### Your assignment
Only the lines from the one with "Ladies GGWG Sun Shirt" through the end of the data below belong in the answer, restated word for word, pictures excluded.

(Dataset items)
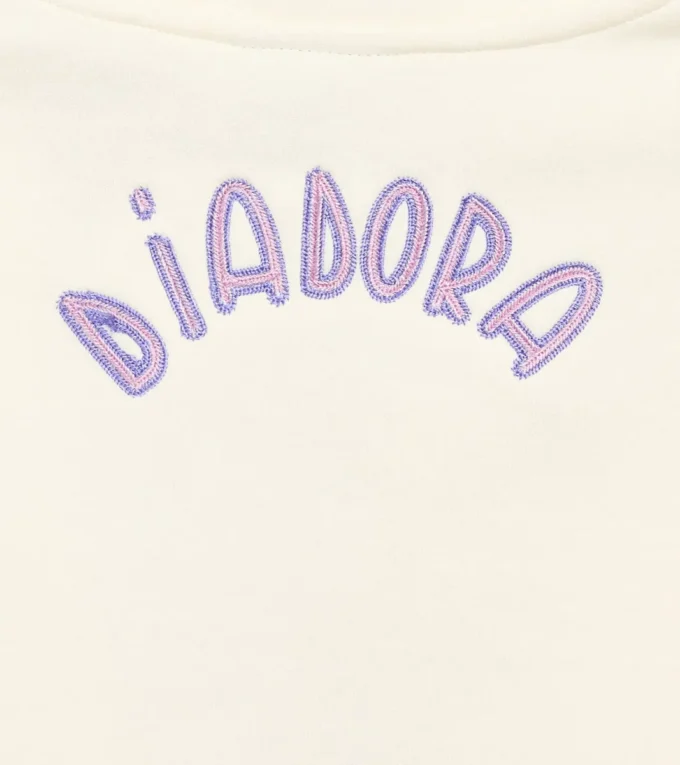 Jg. Felpa con cappuccio Felpa con cappuccio Fz Logo – Vestibilità regolare – Bambina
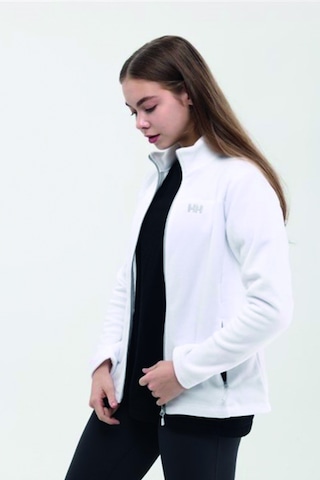 Helly Hansen Pretty Polar Ceket Kadın Hh..15007 Hha.007 Kırmızı
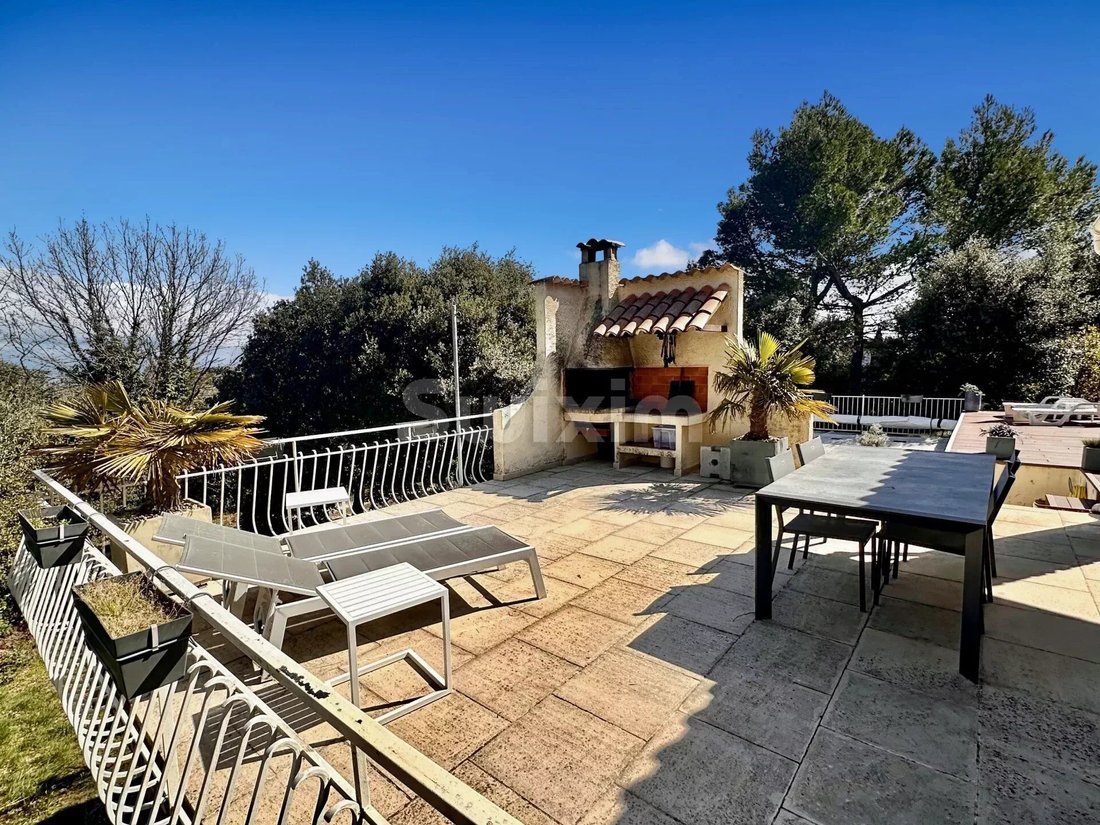 House in Saint-Alexandre, Occitania, France 2 - 13951911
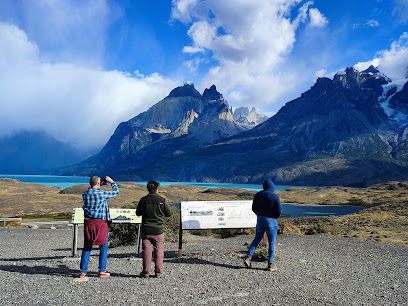 Oazy Patagonia Transfer & Turismo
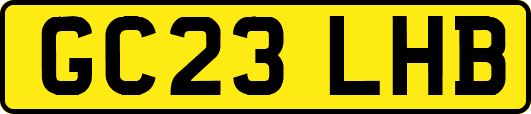 GC23LHB
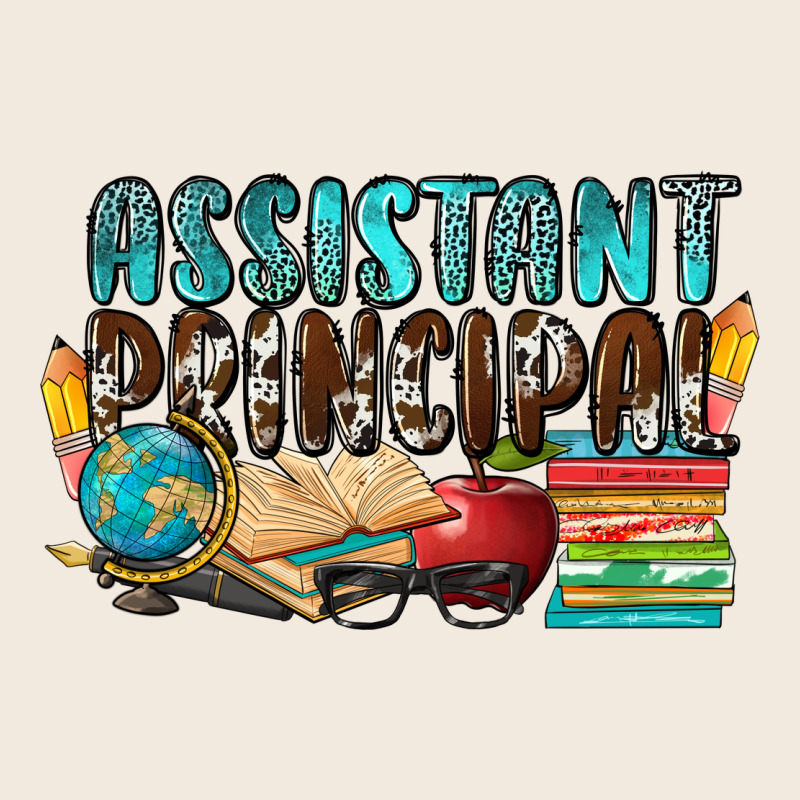 Assistant Principal Zipper Hoodie by NancyCooperArtShop | Teevron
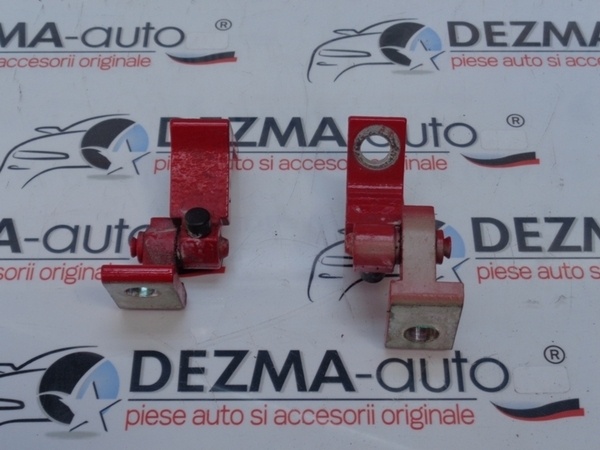 Set balamale stanga spate, Seat Ibiza 5 (6J5) (id:224942)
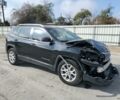 Чорний Джип Cherokee, об'ємом двигуна 2.4 л та пробігом 103 тис. км за 7300 $, фото 2 на Automoto.ua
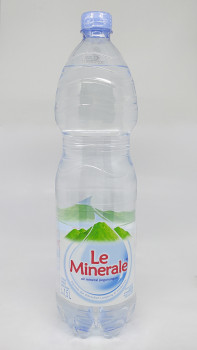 Air Mineral 1500 ml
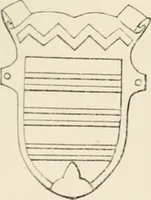 Picture 257 of 302 from The ancient sepulchral effigies and monumental and memorial sculpture of Devon (1877), leaf 546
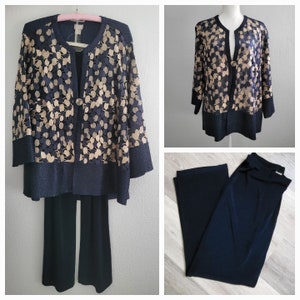 Chicos jackets shop and sweaters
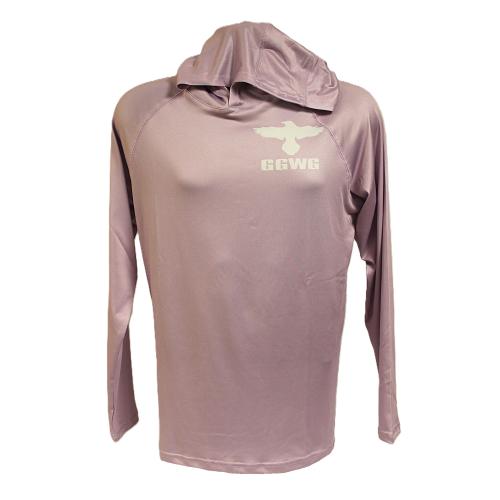 Ladies GGWG Sun Shirt
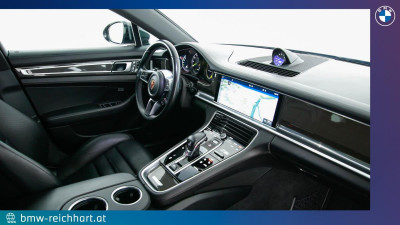 Porsche Panamera Gebrauchtwagen Porsche Panamera Gebrauchtwagen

### Exercise result
 Ladies GGWG Sun Shirt
 Porsche Panamera Gebrauchtwagen Porsche Panamera Gebrauchtwagen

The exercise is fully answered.